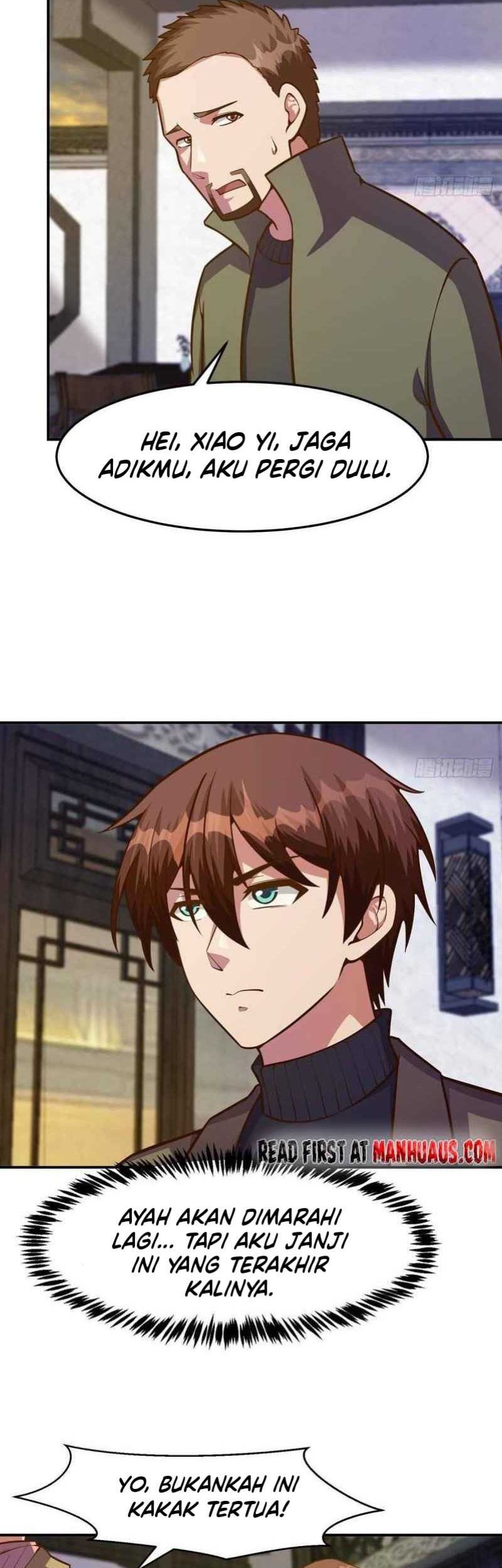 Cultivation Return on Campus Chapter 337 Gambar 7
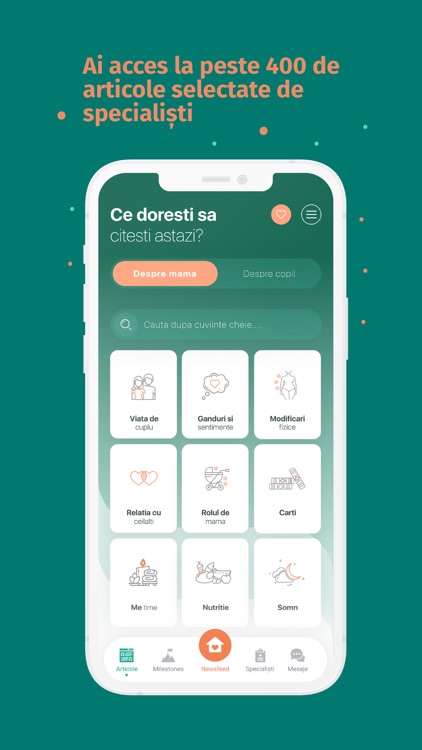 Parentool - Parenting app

= = = = =

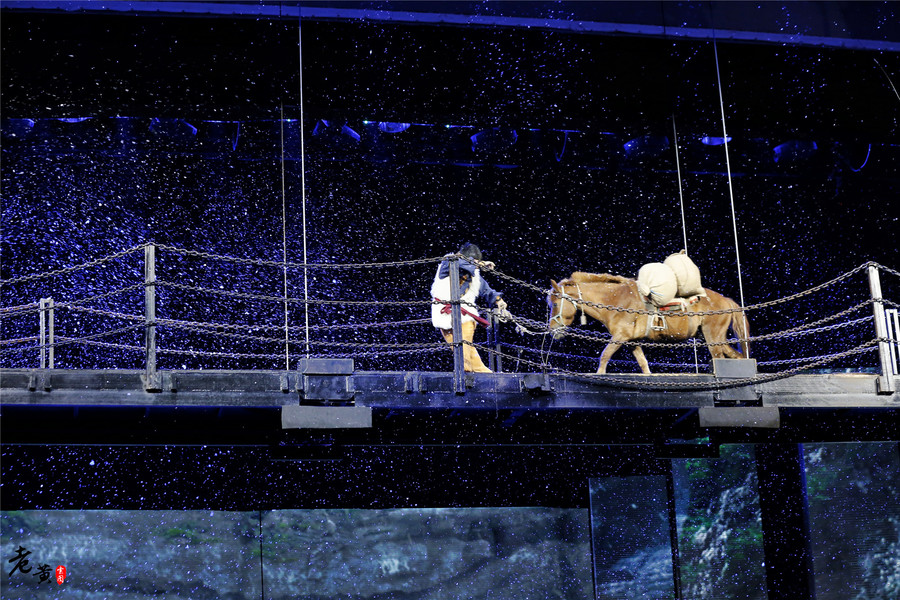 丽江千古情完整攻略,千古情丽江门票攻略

= = = = =

**WORK INSTRUCTIONS:**
Keep to the lines above from the line with "Cultivation Return on" to the line with "Parentool - Parenting app", and set down exactly those, inclusive, with nothing else and every picture left out.

**FINISHED EXERCISE:**
 Cultivation Return on Campus Chapter 337 Gambar 7
 Parentool - Parenting app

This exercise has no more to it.